Ainda assim, Florbela não se dedicou só ao café quando voltou para Portugal. “Em cada etapa escolhemos o que queremos atingir”. E Florbela queria estudar. Acabou o 12º ano e foi na Escola Superior de Beja que se licenciou em Animação Sócio Cultural. Um curso que condiz com a sua espontaneidade a falar. Não é difícil imaginá-la a dinamizar alguma atividade. Foram noites, na luz esbatida de um candeeiro, a estudar. “Para quê?”, pergunta-se Florbela.
Quando voltaram da Suíça depois da primeira estadia, Kevin era pequeno e não se apercebeu da mudança de país. Estudou e tirou um curso de recepcionista. “Teve uma excelente nota”, diz Florbela, orgulhosa. Estagiou num hotel de renome no Algarve. Gostaram dele e até lhe ofereceram trabalho, mas por “um mísero ordenado mínimo.”
Florbela ia ter de continuar a sustentar o filho. Kevin, por vontade própria, decidiu sair logo de Portugal e partir para o país onde os pais não o quiseram ver crescer. Não era este o destino que Florbela e Francisco queriam para o filho.
Numa quinta-feira de 2011 ligaram para Francisco a perguntar pelo interesse de voltar a trabalhar na Suíça. Na segunda-feira já estava a embarcar no avião. Não se despediu de nenhum cliente, ninguém, nem o melhor amigo que o foi levar ao aeroporto suspeitava qual ia ser a duração desta viagem.
“O que safou” Francisco foi durante a primeira temporada ter feito cursos de operação de máquinas e gruas. As exigências aumentaram. “A primeira coisa que perguntam agora é por um diploma”. No dia em que chegou pela segunda vez à Suíça não sabia como ia reagir àquela “reemigração”. “No segundo dia já parecia que nunca tinha saído de cá.”
Partir pela segunda vez
Cláudia Pereira, investigadora do Centro de Investigação e Estudos de Sociologia, explica que nos inquéritos sobre emigração umas das principais justificações dos cidadãos está relacionada com o facto de já se ter estado emigrado anteriormente, o que facilita uma nova saída. “Já têm uma rede de contactos que, na maioria dos casos, é a família”.

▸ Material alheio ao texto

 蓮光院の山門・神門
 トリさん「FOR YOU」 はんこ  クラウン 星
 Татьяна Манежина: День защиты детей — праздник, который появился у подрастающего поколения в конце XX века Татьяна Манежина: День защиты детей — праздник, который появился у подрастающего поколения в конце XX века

Contudo, estes dados não são compilados. Ao certo, não se sabe quantos dos aproximadamente 500 mil portugueses que saíram do país desde 2008, de acordo com os dados do Instituto Nacional de Estatística, emigraram pela primeira vez. Ou quando tinha sido a última vez que tinham estado fora do país. De acordo com os censos de 2011, 10% da população portuguesa afirmou já ter vivido fora do país pelo menos um ano.
Há muitos que emigram para progredir na carreira profissional, diz a especialista, lembrando o caso dos portugueses na área dos fundos de investimento, que partiram para Londres. Outros pela aventura. E outros ainda porque são obrigados.

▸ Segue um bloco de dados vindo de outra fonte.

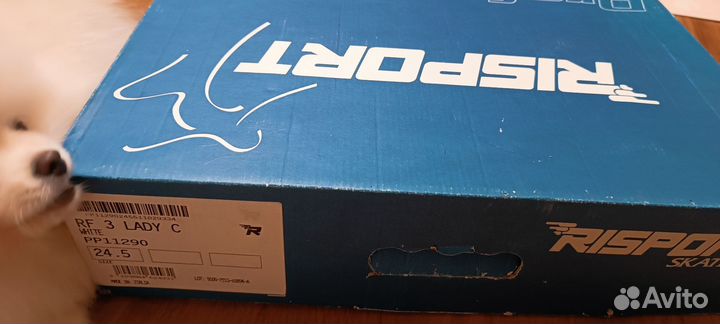 Коньки фигурные 36 размер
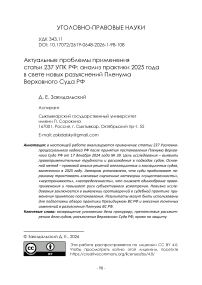 Актуальные проблемы применения статьи 237 УПК РФ: анализ практики 2025 года в свете новых разъяснений Пленума Верховного Суда РФ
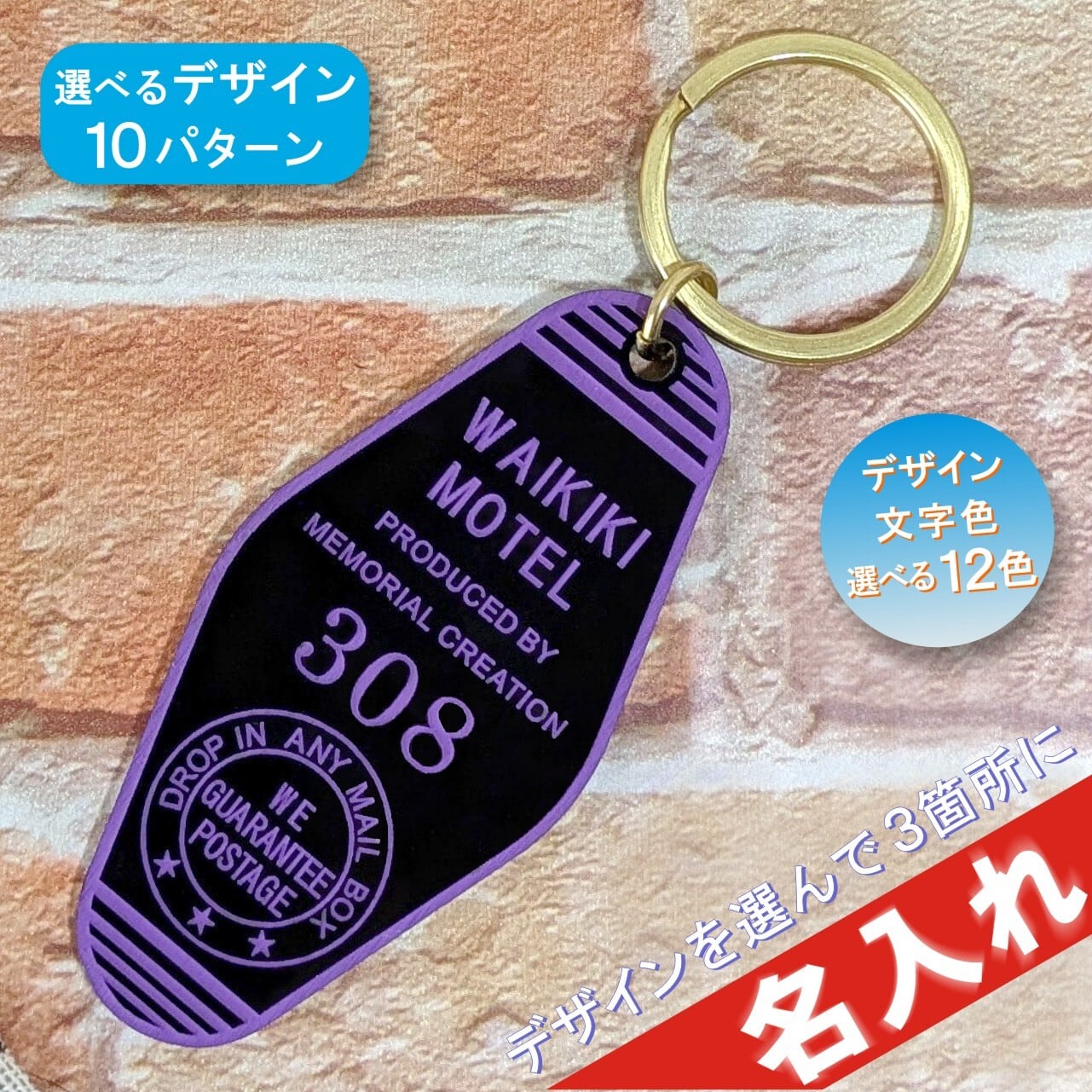 No.909モーテルキー アクリル刻印 【公式通販】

“O que regula as migrações é o mercado de trabalho”, sumaria Cláudia Pereira, ao falar dos motivos de emigração, um tema muito discutido nos últimos anos em Portugal. E o mercado de trabalho anda, passo a passo, ao lado da situação histórica e económica do país.
Muitos colegas de Francisco na Suíça são portugueses. Tinham empresas e por causa das dívidas que foram acumulando, tiveram de sair do país. Emigraram para pagar o insucesso.“Sabe, nós abrimos os olhos antes de isso acontecer”, diz Francisco.

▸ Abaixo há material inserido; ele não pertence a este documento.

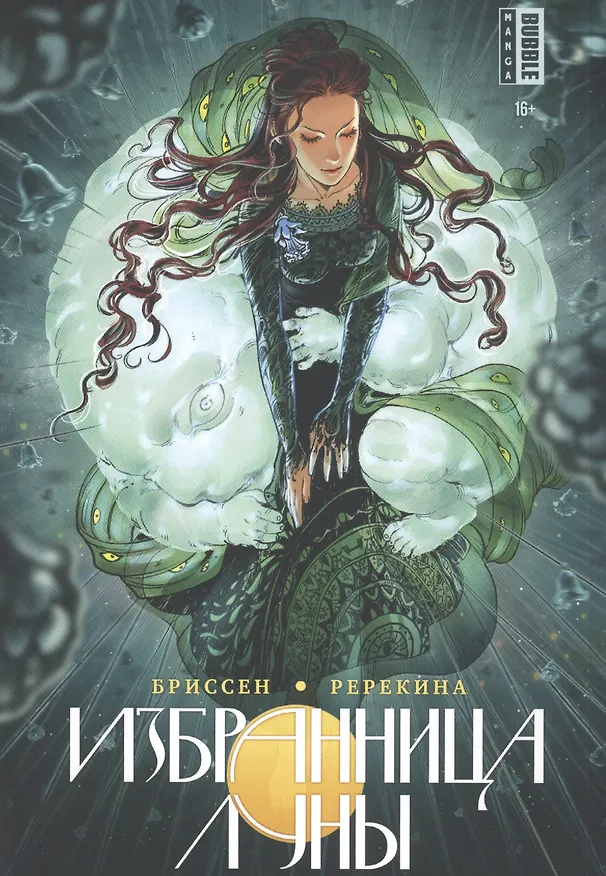Избранница луны. Манга 2831737 — 1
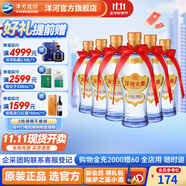 洋河大曲42度375mL 6瓶裝白酒 洋河酒廠旗艦 42度 375mL 6瓶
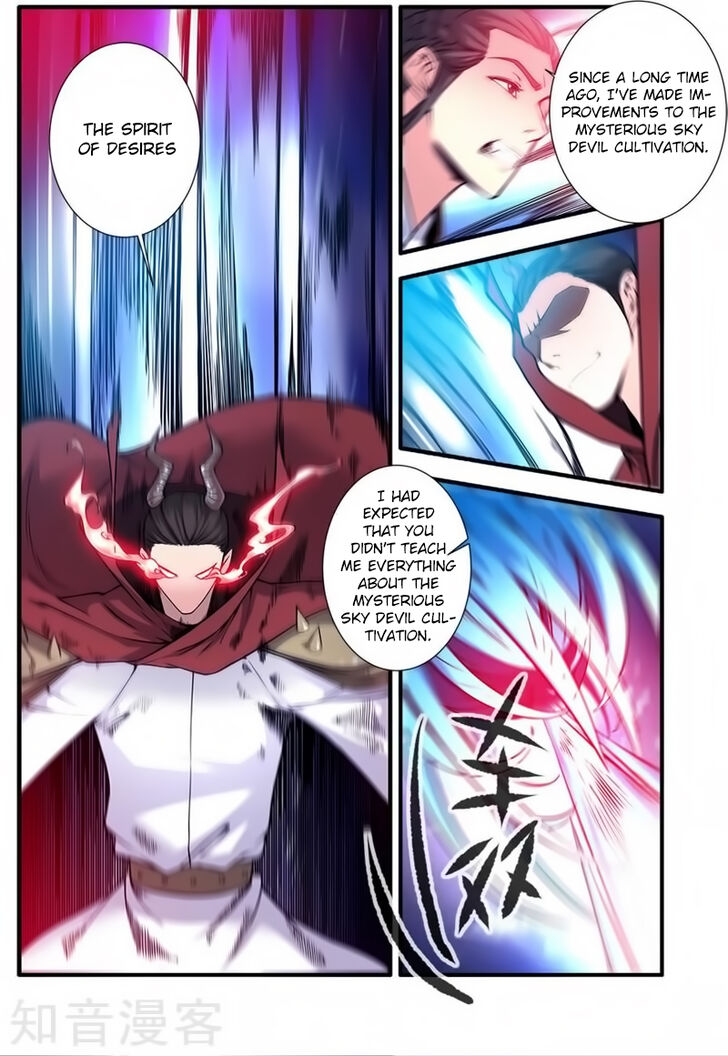 Read Renegade Immortal Manga Online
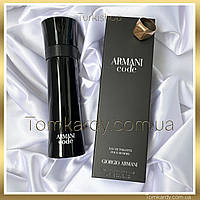 Мужские духи Armani Code Pour Homme 125 ml. Армани Код Пур Хом 125 мл.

Portugal ”não deixa saudades, tentamos apagar”, diz Florbela, como quem fala de uma memória traumática. Os últimos tempos em Portugal foram complicados para o casal. Lembrar não é bom. “Ui, ui. Isso é mau. É uma sensação horrível e sem explicação”, diz.
Florbela estava a trabalhar na área em que se tinha licenciado, mas o dinheiro não chegava. A família estava dividida e a distância criava interrogações: “Será que o nosso casamento vai avante?”. Em 2012, com a família partida, Florbela “pegou no filho mais novo” e decidiu que tinha de ir procurar a sorte em outras paragens, outras aragens, perto do marido: outra vez.
Trabalho, Pátria, Família
“Talvez que eu morra no leito/ onde a morte é natural/ As mãos em cruz sobre o peito/ Das mãos de Deus tudo aceito/ Mas que eu morra em Portugal.” Ouviam-se os lenços de papel a ser desembrulhados. A sala de cinema estava cheia de portugueses. Quando acabou a interpretação de Catarina Wallenstein da música Prece de Amália Rodrigues, no filme Gaiola Dourada, Florbela olhou para o lado e percebeu que não era a única que estava em lágrimas.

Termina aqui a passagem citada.